My interest in the design of transistor-based DC throttles (aka Power Packs) for model railroading ended up causing me to pick up the DVD set of Model Railroader back issues (henceforth identified as MR). While US$200 seems like a lot, I think it was well worth it, if only to satisfy my curiosity. And it works out to less than US$0.30 per issue, so in a sense it’s a bargain. I also dug up a copy of Peter Thorne’s 1974 book Practical Electronic Projects for Model Railroaders (mine is the third edition of 1975), which has a number of throttle circuits, including one using an SCR. This book can go for rather high prices online, but I found mine at a train show last week for the cover price of US$3.50; quite the bargain.

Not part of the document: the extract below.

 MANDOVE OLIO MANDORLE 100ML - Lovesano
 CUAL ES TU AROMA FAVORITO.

Early-on electric model trains were run with car batteries (some early ones used AC motors with AC from a transformer instead), first apparently at 6 volts but by the 1930’s DC motors were apparently designed for 12 volts even before cars switched to the larger batteries, requiring two batteries placed in series (per MR August 1934 article on the use of DC power). DC at 12 volts was more than enough to run small motors, and early throttles were little more than a variable resistor (rheostat) to reduce voltage for slower speeds, and a Dual-Pole, Dual-Throw (DPDT) switch to reverse polarity for direction control. Often a “knife” switch would be used for the reverser, which could be left in a central “off” position to disconnect the throttle from the track.

But modelers weren’t very satisfied with these. DC didn’t allow for smooth low-speed operation, and “jackrabbit” starts with a minimum speed over 10 or even 20 scale miles per hour (16 - 32 kph) made for poor switching operations. Plus, modelers wanted to model the behavior of real trains, with simulated momentum and realistic braking action.

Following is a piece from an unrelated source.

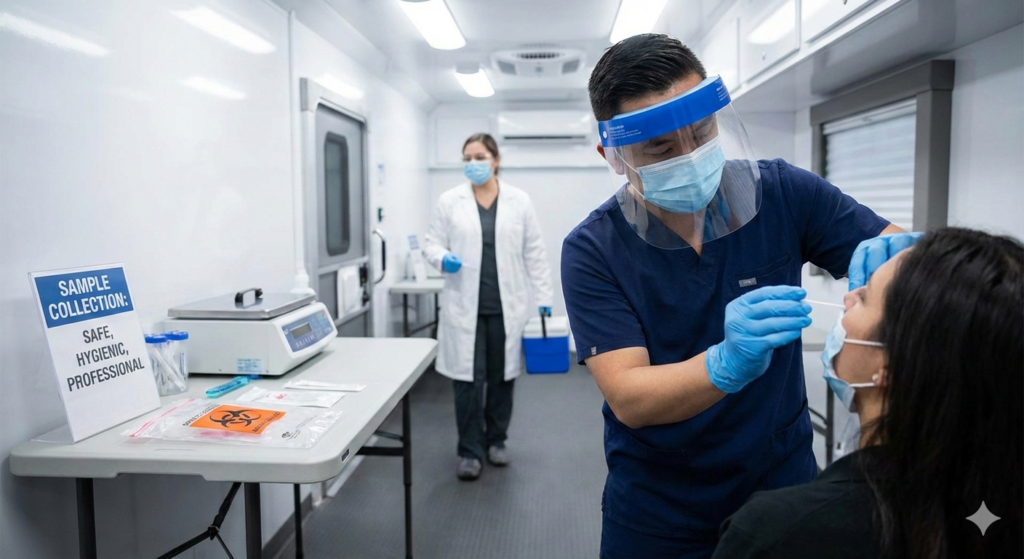 Sample Collection Process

This led to designs for more sophisticated “throttles” and ever more complex designs as electronics technology improved. Some of the results did a fairly good job of replicating the real behavior of trains, right down to simulating the performance of air-brake systems similar to the one in the diagram at the top of this post. It’s possible some of this took place before the transistor was introduced; vacuum tubes could have been used for similar things. However, nobody appears to have published their experiences with these, so it seem likely that little or nothing was done until the transistor came along.

The development of the low-cost transistor in the late 1950’s made more complex throttles accessible to a hobbyist with a relatively minor amount of electronics skill and for a reasonable price, and the next decade was a time of rapid change, with evolution continuing into the 1970’s. By 1980, interests had shifted towards running multiple trains using command control systems (the precursors of DCC), although the roots of those went back further. And even in 1980 you could still buy rheostat throttles, although they were definitely behind the times by then. None of these technologies fully displaced the others. The transistor has in fact soldiered on into the era of digital controls, and you can still buy transistor throttles today that aren’t too different in principle from those designs of a half-century ago.

The Transistor Throttle

The transistor is, in essence, an amplifier. It takes a small signal and uses it to control a much larger one. Small signals are what you get from a potentiometer, so these are often used as the throttle knob. The predictable current of a potentiometer, which doesn’t vary with load the way that of a rheostat does, made this a superior control to the older rheostat throttles. And it was also easy to modify the output of the potentiometer using other circuitry, before it got to the transistor, allowing the addition of momentum and braking controls.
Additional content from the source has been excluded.